Enterprises worldwide will begin spending a little more on IT in 2010, according to market analyst firm Gartner.

However, businesses will hold off on hardware purchases, instead spending money on software, telecommunications and IT service, according to Gartner’s predictions.

Going for the Growth

IT spending growth will occur in three areas in 2010 — telecommunications, IT services and software — Gartner analysts said at the research firm’s symposium and IT expo, being held through Thursday in Orlando, Fla. Hardware spending will remain flat.

However, the market may not fully recover to 2008 revenue levels until 2012, said Peter Sondergaard, senior vice president at Gartner and global head of research. “2010 is about balancing the focus on cost, risk and growth. For more than 50 percent of CIOs, the IT budget will be 0 percent or less in growth terms. It will only slowly improve in 2011,” he explained.

Spending will be strong in emerging regions, and that will reshape the IT industry, Sondergaard said. “By 2012, the accelerated IT spending and culturally different approach to IT in these economies will directly influence product features, service structures, and the overall IT industry. Silicon Valley will not be in the driver’s seat anymore,” he said.

Some of the changes will be an increased demand for remote management capabilities and more robust, redundant systems that are offered at a low price, Rob Enderle, principal analyst at the Enderle Group, told the E-Commerce Times. “These regions have a vastly higher requirement for high-efficiency hardware and solutions because they lack reliable power,” he said.
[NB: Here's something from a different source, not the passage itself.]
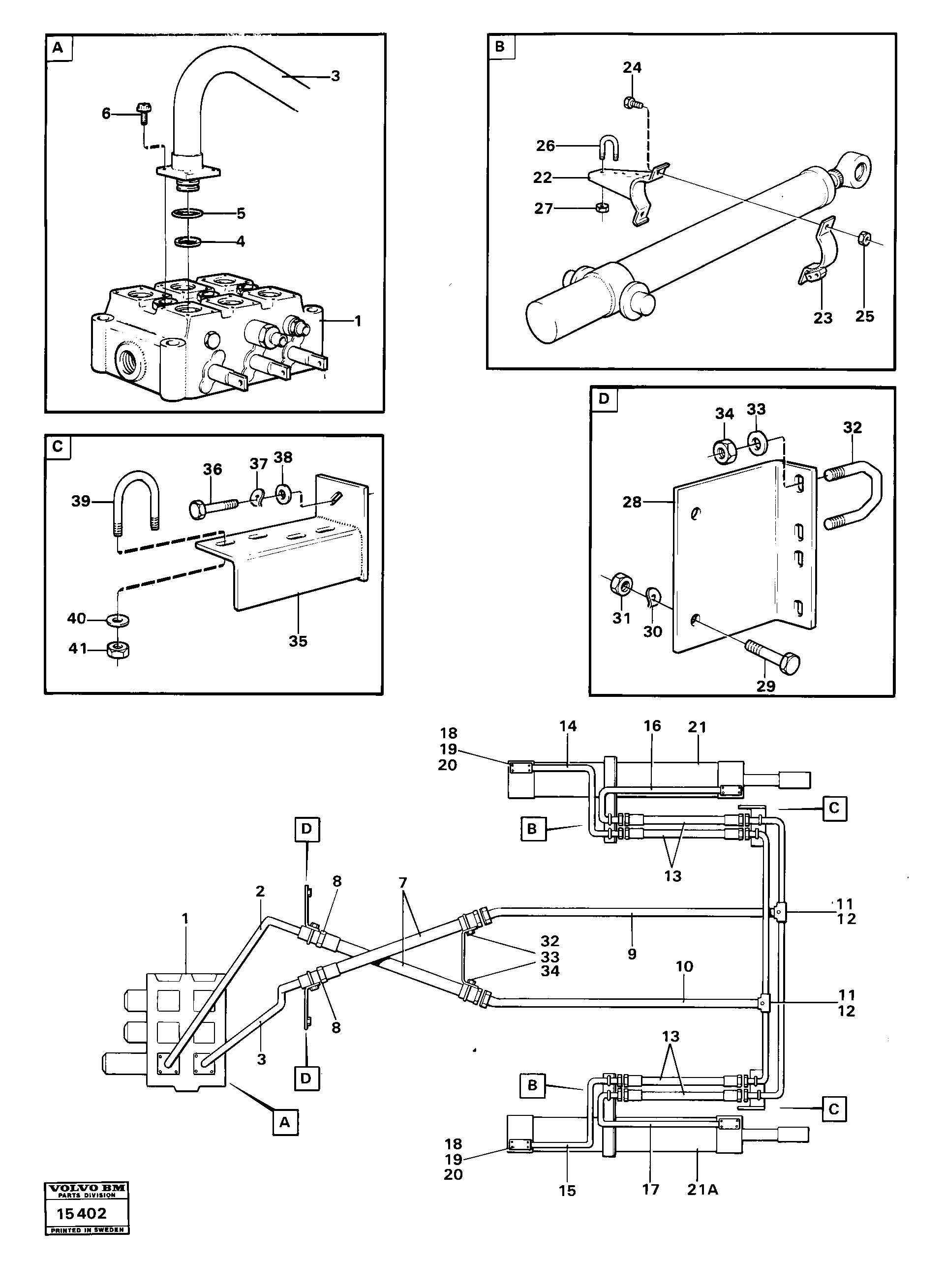 Rglr Weight Kit VOE4763455 VOLVO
“Also, businesses in these regions have limited trained resources on-site, so they require stronger remote management capabilities,” he added. “However, labor is inexpensive, allowing for more flexible physical deployment options, and the environment tends to be more hostile, suggesting the systems will need to be both more redundant and more robust. Since cash is in short supply, cost focus will be exceptionally high as well.”

Doling Out the Shekels

In 2010, telecom spending will grow 3.2 percent from its projected 2009 figure of US$1.9 trillion; IT services will be up 4.5 percent from their projected 2009 level of $781 billion; and software spending will increase by 4.8 percent.
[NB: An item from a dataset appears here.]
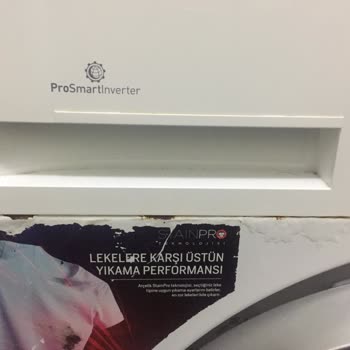 Arçelik Çamaşır Makinesi Pas Sorunu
Gartner expects hardware spending to decline 16.5 percent and total $317 billion for 2009, then stay flat in 2010. However, this prediction may not pan out, Enderle said.

“The difficulty with trend-based forecasts is they don’t take into account unknown future events like platform updates, stimulus dollars or regulation, which can either improve or hurt that outlook,” he explained. “Given that desktop hardware is supposed to increase next year and many firms do desktop and server upgrades in tandem, this suggests Gartner’s hardware numbers are excessively pessimistic.”

Hobbled Hardware Hurts

If the prediction does pan out, however, businesses could be in for some frustration. An unwillingness to buy new hardware means they will be stuck with aging equipment, which is likely to fail more often than new hardware. Enterprises must begin assessing the impact of increased equipment failure rates, Gartner said. They may also need to re-think their equipment write-offs to see if these need adjusting.

About 1 million servers, or three percent of the global installed base of servers, are a year over their replacement schedule, according to Gartner. In 2010, that figure will rise to at least 2 million, the firm predicts.

By 2011, about 10 percent of the installed server base worldwide, or more than 3 million units, will be beyond their scheduled replacement dates unless enterprises change their replacement cycles, Gartner’s Sondergaard warned. This will impact enterprise risk calculations.

“Typically, the risk will be unacceptable once failure rates are forecast to reach unacceptable levels and/or when the cost of maintaining the aging hardware exceeds a set threshold,” Enderle said. “A large percentage of companies are already uncomfortably close to this failure/cost threshold, suggesting many will not be able to hold for more than a couple of years.”